I looked around for the hackler, seeing she sat a row just behind the motionless girls in pink. Dark brown in complexion with curly hair in a slick silky fro like she was mixed. Sharp brows, and a noticeable black mole just above her upper lip. Eyes big, and slanted like a Bratz doll. She looked back at the people she sat with, and laughed before her eyes connected with mine from across the way. I didn’t look away, but she whispered to her friends as they all looked at me.

“Who is that?” I whispered towards the driver as she leaned forward for a peek before sitting up right. Looking straight ahead.

“Don’t make eye contact with her,” she hissed. I suddenly watched one of the poised women sitting up front get up from her chair. Smoothing her black dress down as she walked over with a dainty smile. Beautiful deep brown skin woman with her hair pressed, and straightened. Bumped on the ends like something out of the 50s that fell towards her shoulders. She looked like a young Tyra Banks with her green eyes that you could see from here. Going against her brown complexion entirely. She told the speaker to move along before grabbing the mic.

“Ladies, ladies… Being respectful from one sis to another makes these meetings go a lot more smoothly----.”

“You so pretty! Ain’t our mayor so pretty?!” Someone called out with a whistle as she laughed into the mic. Flashing her white smile.

“It’s been brought to my attention that the guests are arriving right on time, and that…” Her words trailed off as she looked off into the crowd. Squinting her eyes before politely smiling. So innocently. “Ma’am in the red?” She pointed.

 

The lights suddenly cut on in the entire room as everyone turned towards the back to see a woman with a red sweater stand up. Skin pale, hair a dark brunette with round glasses. I could see she was mixed, but there was really nothing to give it away at first glance.

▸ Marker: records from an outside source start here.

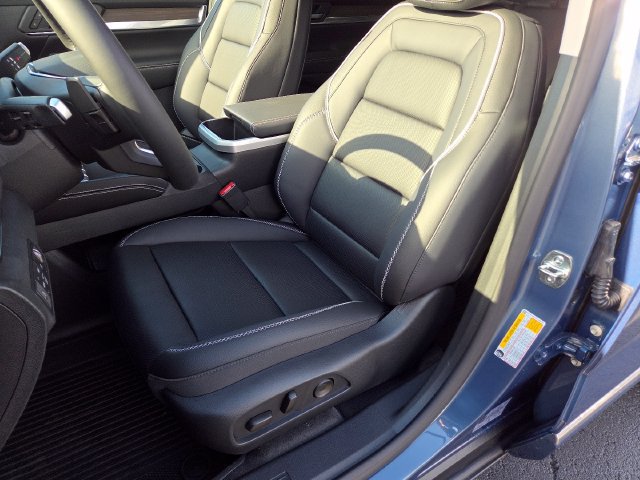 New 2027 GMC Terrain Denali w/ LPO, Floor Liner Package AWD/4WD image 24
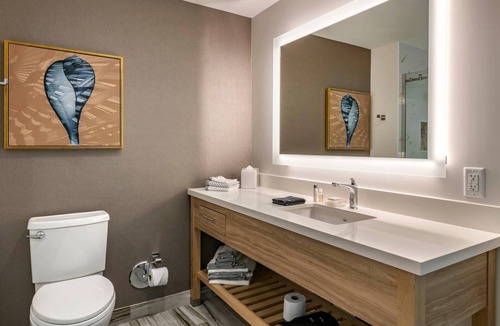 Lauderdale Beach Hotel | Steps from the Ocean | 2 Queens | Near Hugh Taylor Birch State Park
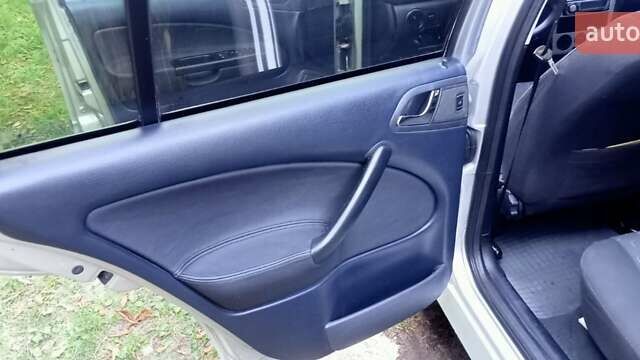 Серый Шкода Октавия, объемом двигателя 1.6 л и пробегом 212 тыс. км за 5700 $, фото 2 на Automoto.ua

“Hello Queens, mothers, wives, women, and girlfriends alike” she greeted politely. “Sis, you look so lovely in your sweater, may I ask the brand?”

 

Her face blushed a bright red as the audience stirred. Watching her nervously look down at herself, pulling at the material.

“Target?” She shrugged, voice cracking as my heart began to beat for her. I looked back at the woman on the stage who smiled.

“What is your makeup? What do you identify as?”

“M-m-mother is half black, and white. My father is white. My Grandmother was a black woman.” she said.

Entire room started to stir with undertones of conversations as if they never met a mixed woman before.

“So that makes you…?” Sis countered in question. Voice as calm, and as smooth as a mother talking to her child in a gentle tone to get her to sleep.

“I identify as white, and black.”

“No, you identify as the person at the wrong event,” Sis said simply as my mouth dropped. “This is for black women only----.”

“I assumed----.”

“You assumed wrong.... One drop rule does not apply here,” she said with a smile. “Leave the way you came.”